Quote all entries exactly, leaving pictures aside.

────

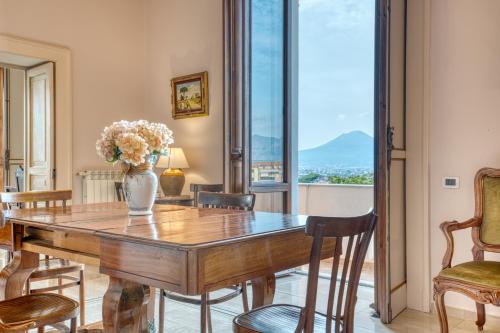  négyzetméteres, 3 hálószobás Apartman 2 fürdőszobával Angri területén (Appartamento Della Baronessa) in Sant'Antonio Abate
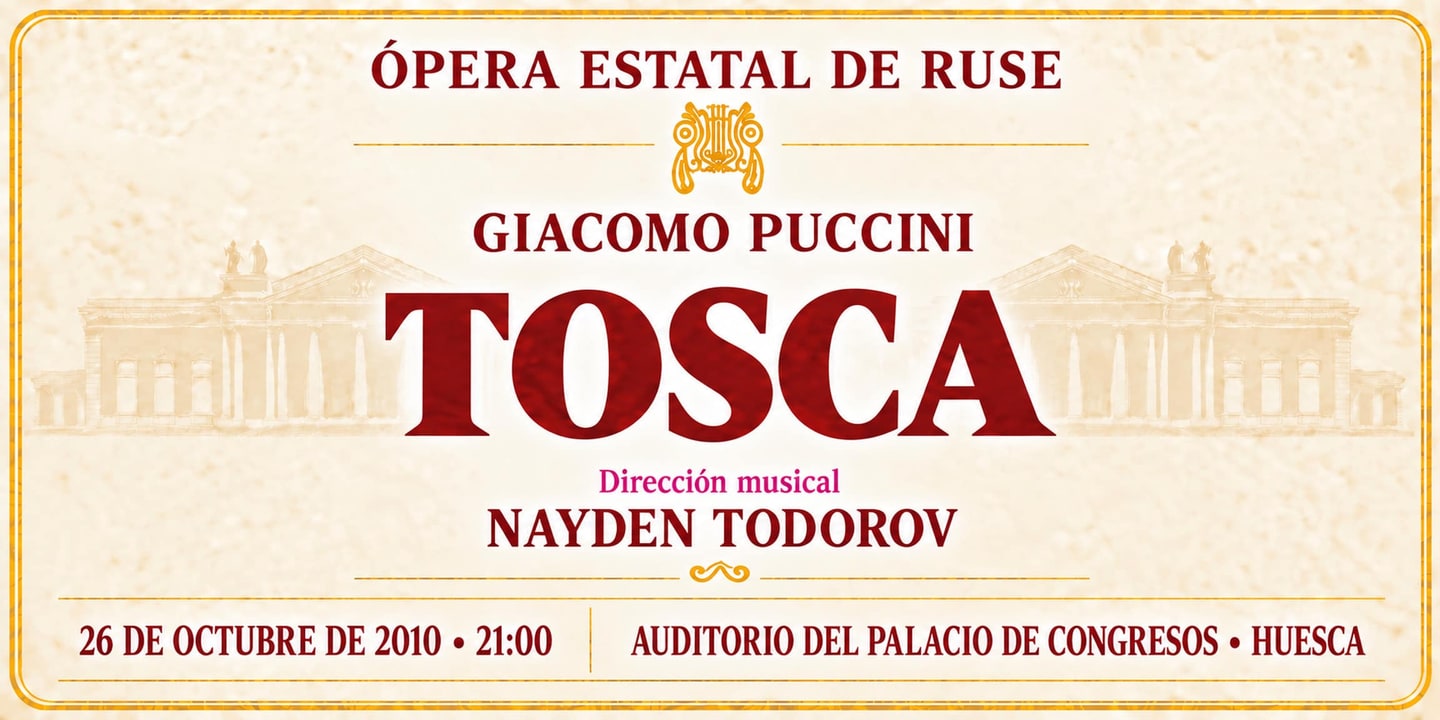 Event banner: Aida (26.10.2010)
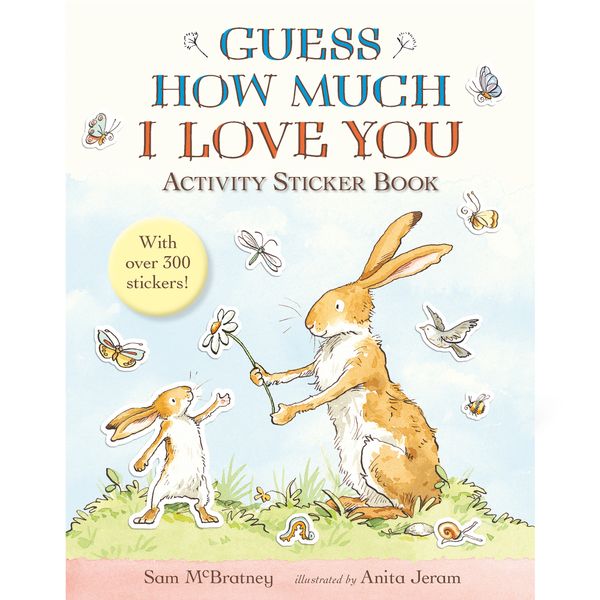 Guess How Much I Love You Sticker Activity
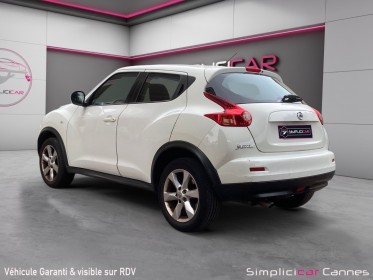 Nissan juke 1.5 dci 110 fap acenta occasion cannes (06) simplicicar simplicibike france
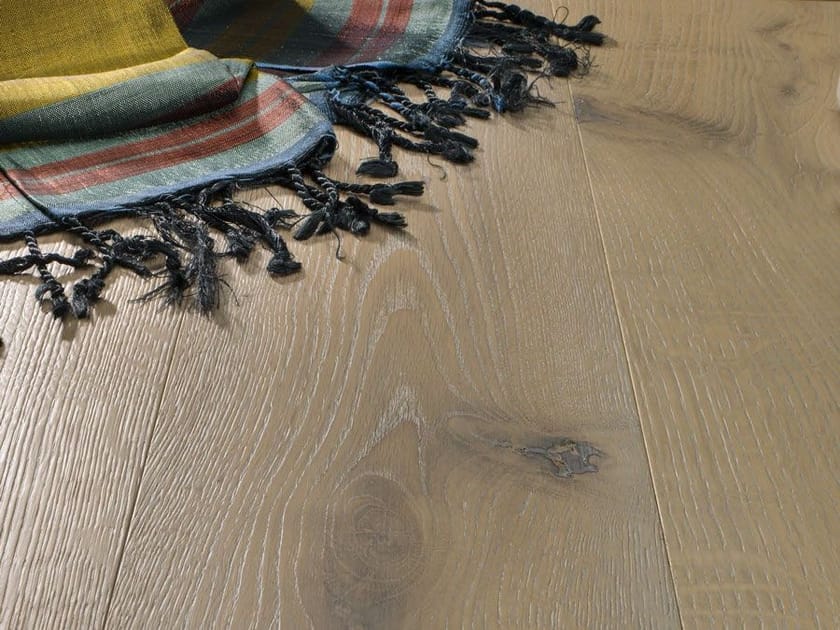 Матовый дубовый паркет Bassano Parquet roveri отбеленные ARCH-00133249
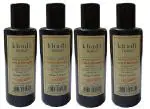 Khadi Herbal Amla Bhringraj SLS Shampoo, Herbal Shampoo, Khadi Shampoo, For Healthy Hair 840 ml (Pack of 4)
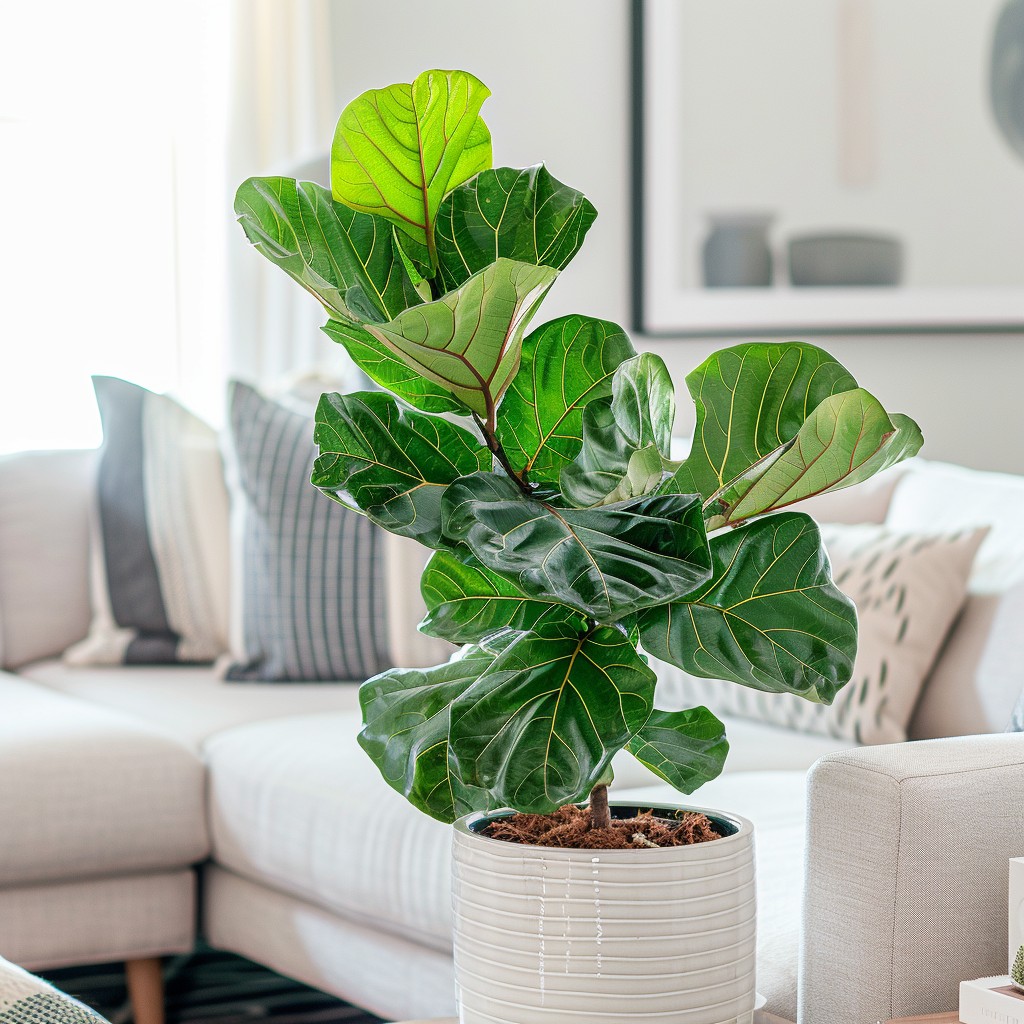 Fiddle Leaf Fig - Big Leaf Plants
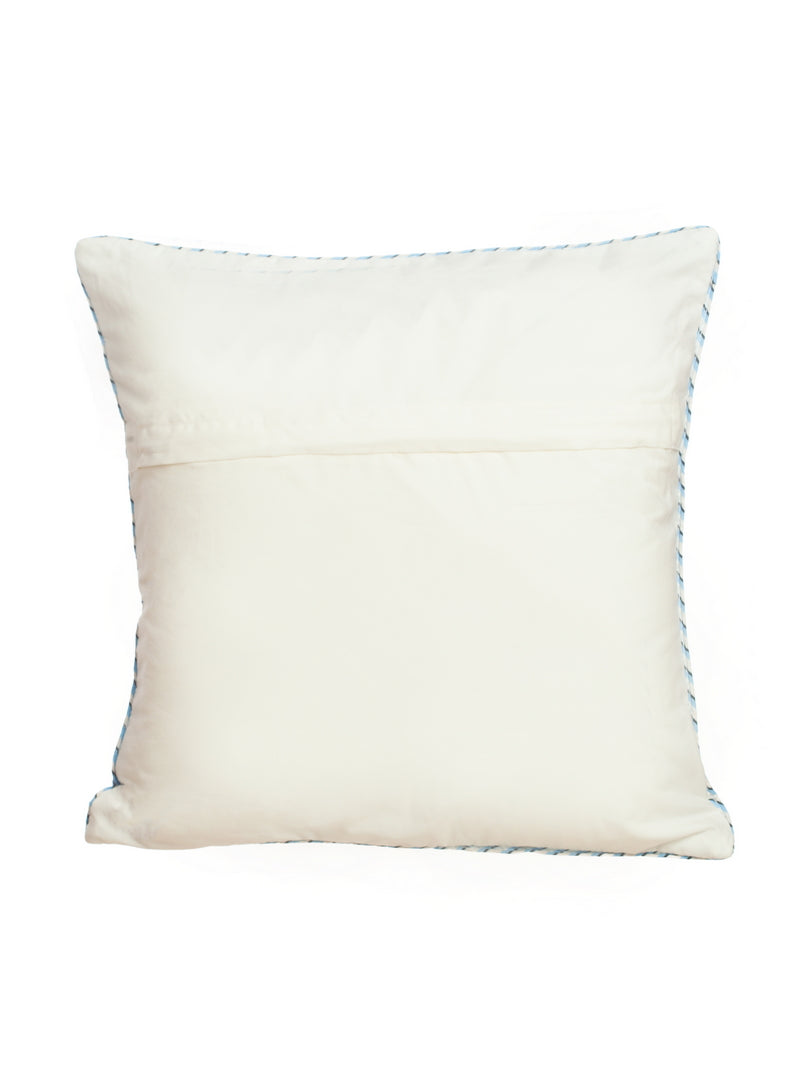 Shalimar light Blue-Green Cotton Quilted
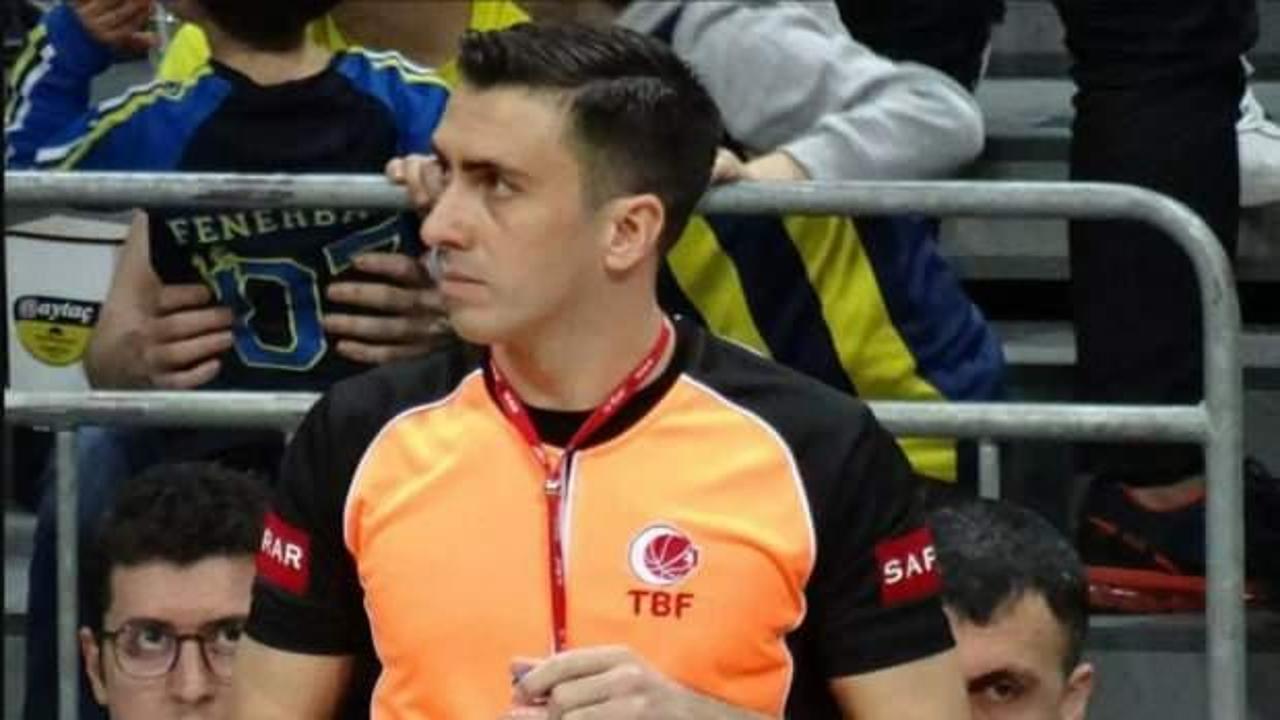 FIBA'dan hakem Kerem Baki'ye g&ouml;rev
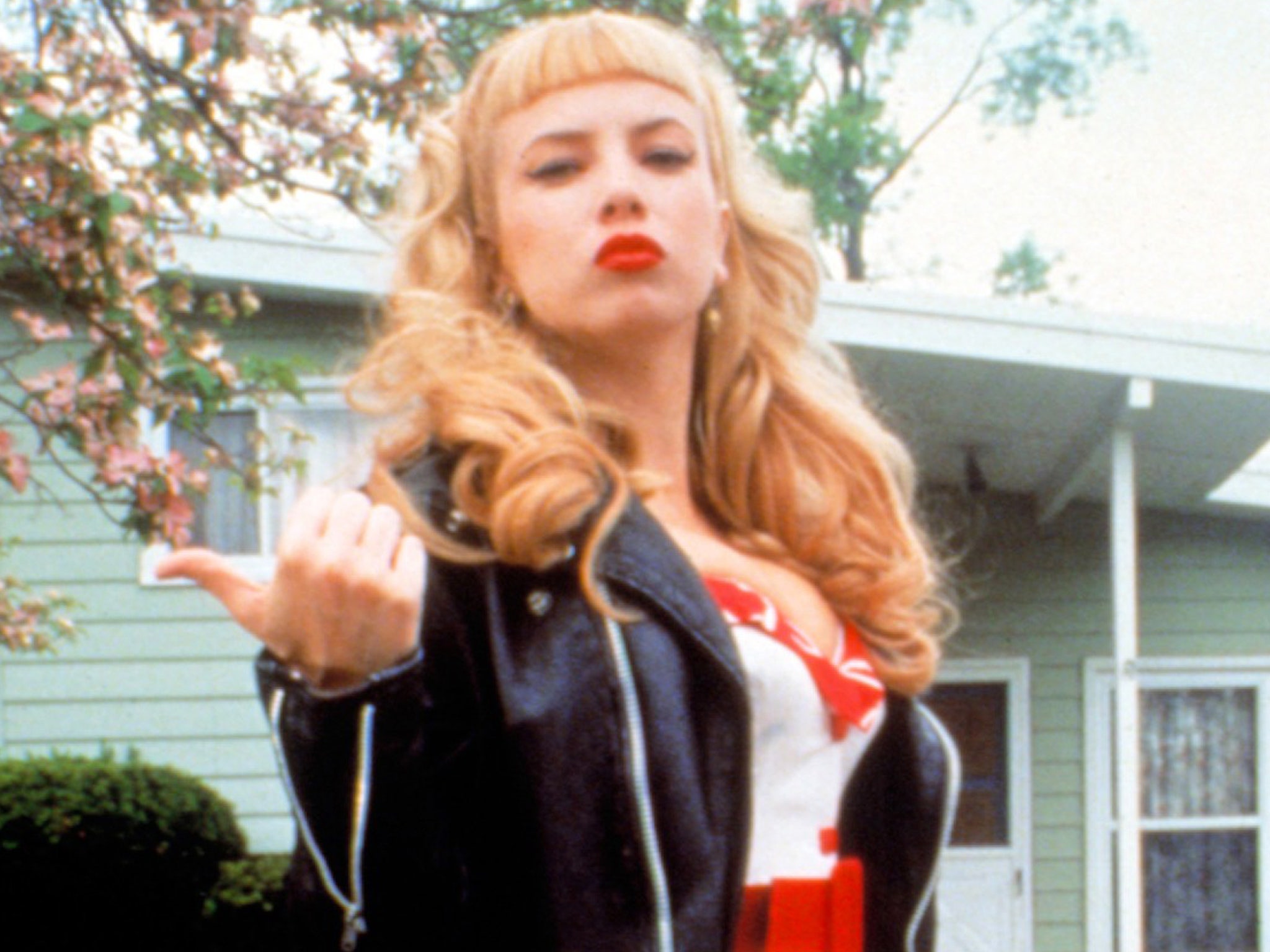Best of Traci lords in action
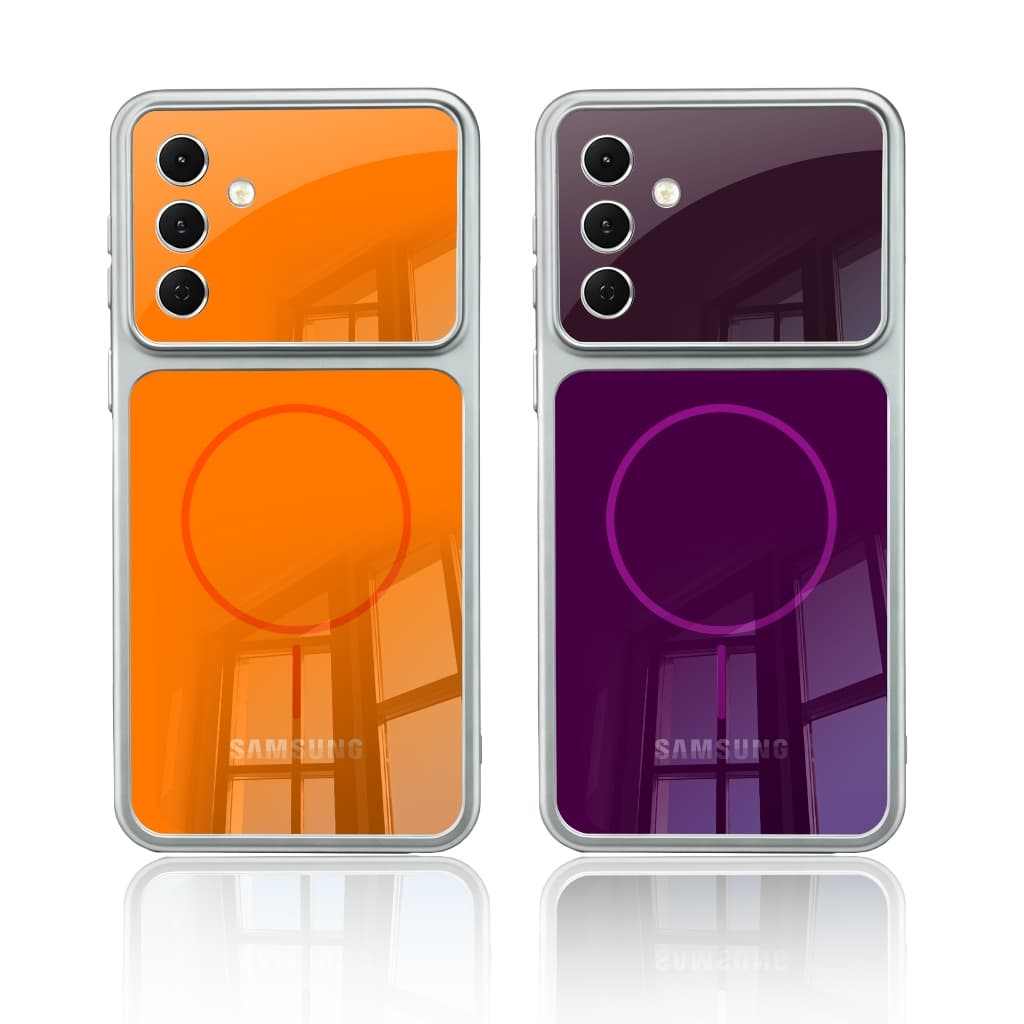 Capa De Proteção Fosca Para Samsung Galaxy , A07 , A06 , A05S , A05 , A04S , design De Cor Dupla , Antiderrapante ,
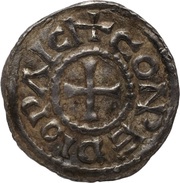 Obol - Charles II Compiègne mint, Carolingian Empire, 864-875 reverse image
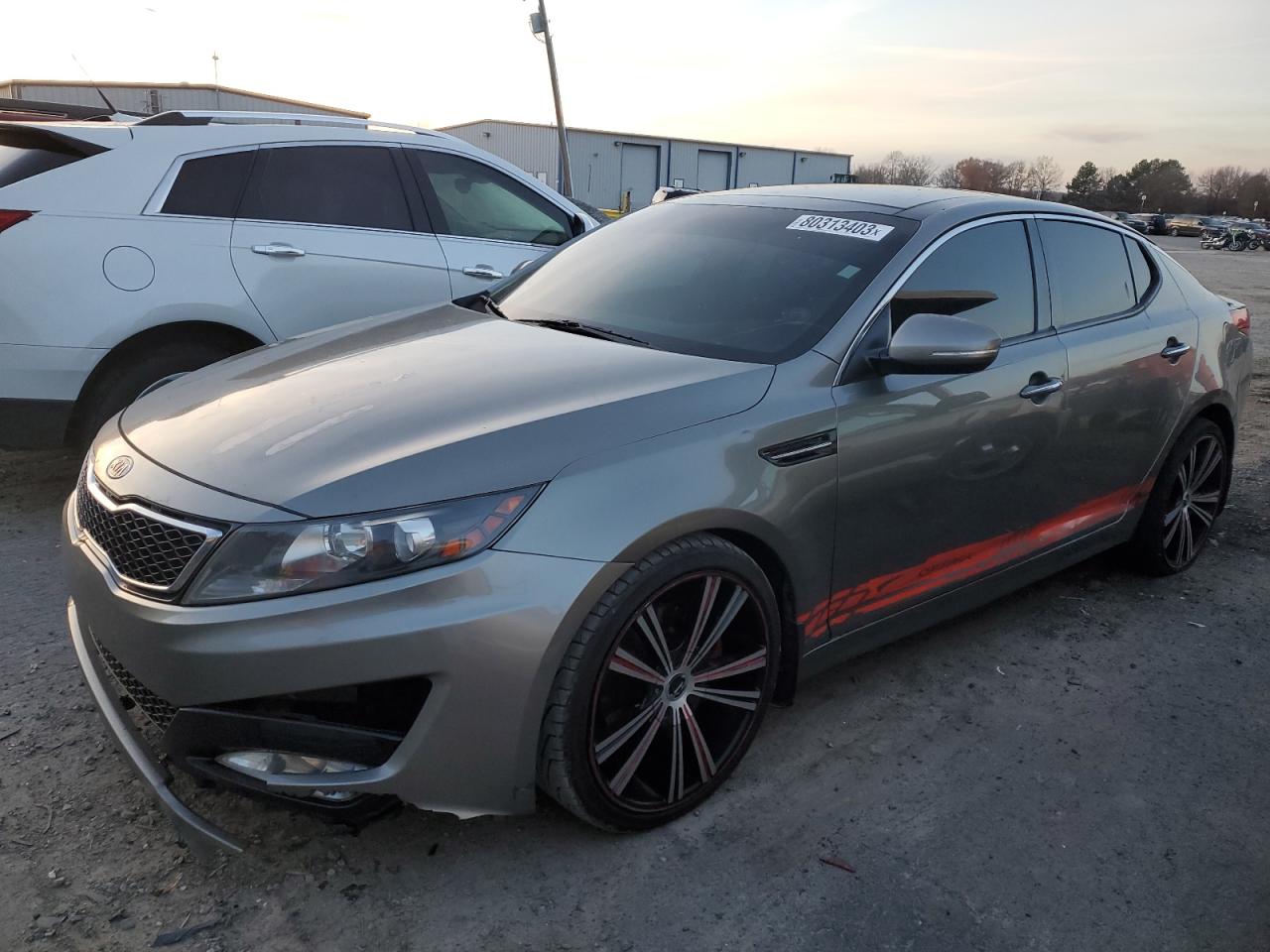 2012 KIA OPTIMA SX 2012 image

────

OUTPUT FOR THIS EXERCISE:
  négyzetméteres, 3 hálószobás Apartman 2 fürdőszobával Angri területén (Appartamento Della Baronessa) in Sant'Antonio Abate
 Event banner: Aida (26.10.2010)
 Guess How Much I Love You Sticker Activity
 Nissan juke 1.5 dci 110 fap acenta occasion cannes (06) simplicicar simplicibike france
 Матовый дубовый паркет Bassano Parquet roveri отбеленные ARCH-00133249
 Khadi Herbal Amla Bhringraj SLS Shampoo, Herbal Shampoo, Khadi Shampoo, For Healthy Hair 840 ml (Pack of 4)
 Fiddle Leaf Fig - Big Leaf Plants
 Shalimar light Blue-Green Cotton Quilted
 FIBA'dan hakem Kerem Baki'ye g&ouml;rev
Best of Traci lords in action
 Capa De Proteção Fosca Para Samsung Galaxy , A07 , A06 , A05S , A05 , A04S , design De Cor Dupla , Antiderrapante ,
 Obol - Charles II Compiègne mint, Carolingian Empire, 864-875 reverse image
 2012 KIA OPTIMA SX 2012 image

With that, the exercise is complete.